Tim Durham Courtesy: Indianapolis Monthly
Updated: Wednesday, 03 Nov 2010, 4:18 PM EDT
Published : Thursday, 12 Aug 2010, 7:17 PM EDT
INDIANAPOLIS (WISH) - Disgraced financier Tim Durham had lots of money. And he gave big bucks to powerful politicians. But now investigators believe Durham's money was dirty - stolen from Ohio investors. So, a state representative says his colleagues should return those tainted campaign contributions.
To call Tim Durham's lifestyle lavish is perhaps understated. The mansion, the cars, the unapologetic opulence.
In a 2004 interview Tim Durham told us, "At the end of the day, when I breathe my last breath i'd like to be worth more than anyone else in the world. "
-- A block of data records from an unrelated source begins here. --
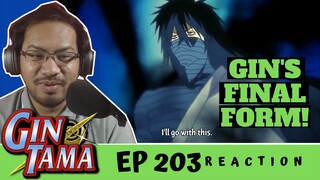 THE DREAM IS OVER!!! |Gintama Episoide 203 [REACTION] "Everyone Looks Pretty Grown up after Summer."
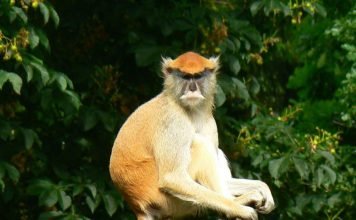 Мартышка-гусар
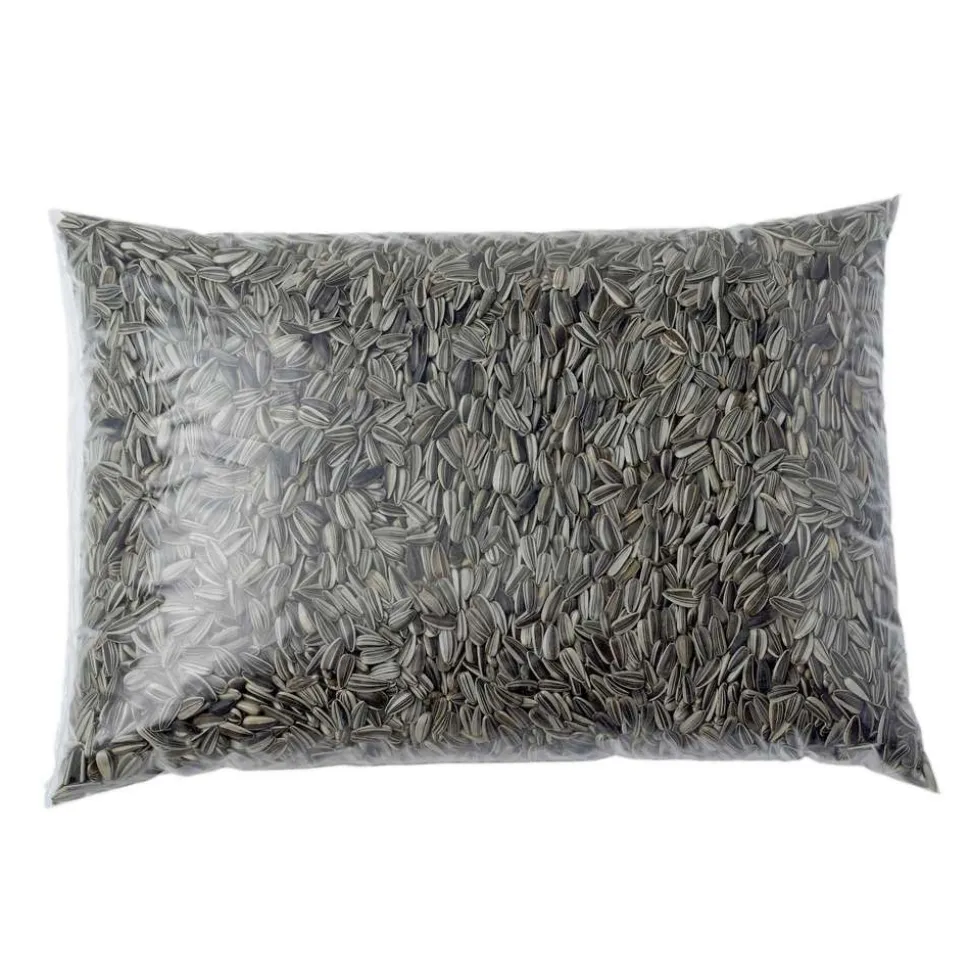 TRUFFAUT BIODIVERSITÉ - Graines de tournesol pour oiseaux du jardin - 4 kg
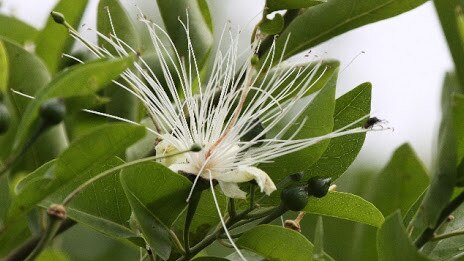 Capparis lucida.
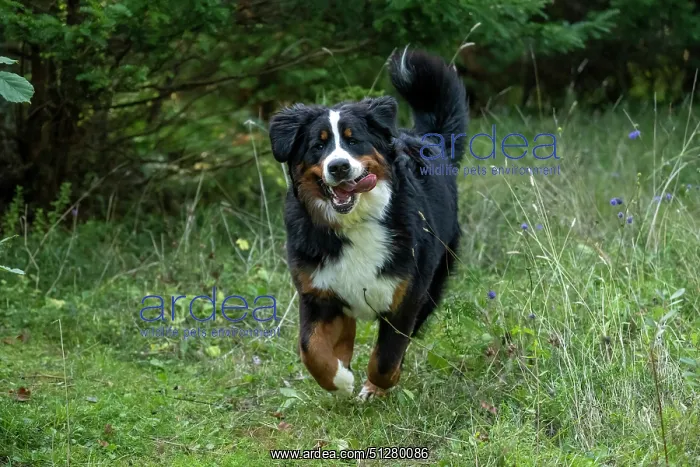 : DOG. Bernese Mountian Dog, running through long grass to camera : DOG. Bernese Mountian Dog, running through long grass to camera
Now those cars and the mansion with its 30-car garage and nanny quarters belong to a bankruptcy trustee charged with the task of trying to recover the $200,000 Durham allegedly stole from Ohio investors.
But critics say Durham's so-called dirty money didn't just buy fancy cars; it bought influence. He gave lots of money to lots of politicians. There's a couple of democrats on the list, but the big bucks went to the GOP. Records show the Indiana Republican party got more than $210,000, Marion County prosecutor Carl Brizzi got $200,000, and Governor Mitch Daniels received $195,000.
Democratic state representative Ed DeLaney is calling on colleagues to give the money back. So would DeLaney be as passionate about this issue if Democrats had gotten most of Durham's money?
"No, I'm a human being," DeLaney answered. "I probably wouldn't be as enthused. But it wouldn't change the result. It wouldn't change what's right."
And he says what's right is assuring that Ohio Amish and elderly allegedly scammed out of millions get their money back. We asked leaders of the Indiana Republican party whether they would consider giving back Durham's contributions. Spokesman, Trevor Foughty gave us the following statement:
"It has long been our practice to spend the money we raise in the election cycle in which it was donated. This is certainly the case with Mr. Durham's contributions, as his donations came several years ago. At this point, it is too premature to say if we would deviate from that practice and we will withhold further judgment and comment until a court rules in the case."
Asked whether he believes there is an ethical obligation to give back the money he said, "Well, like I said, if a court rules one way or the other, then that's something that we'll look at then."
We were promised a statement from the governor's campaign but have not received it. But late this afternoon, we did get a statement from Marion County Prosecutor Carl Brizzi. It appears he doesn't consider personal contributions from Tim Durham possibly tainted, only those from his failed companies.
The statement reads, "We believe the range to be between $2,000 and $5,000 and if any of this money is linked to Fair Finance proceeds, it will be returned as requested by the trustee in Ohio."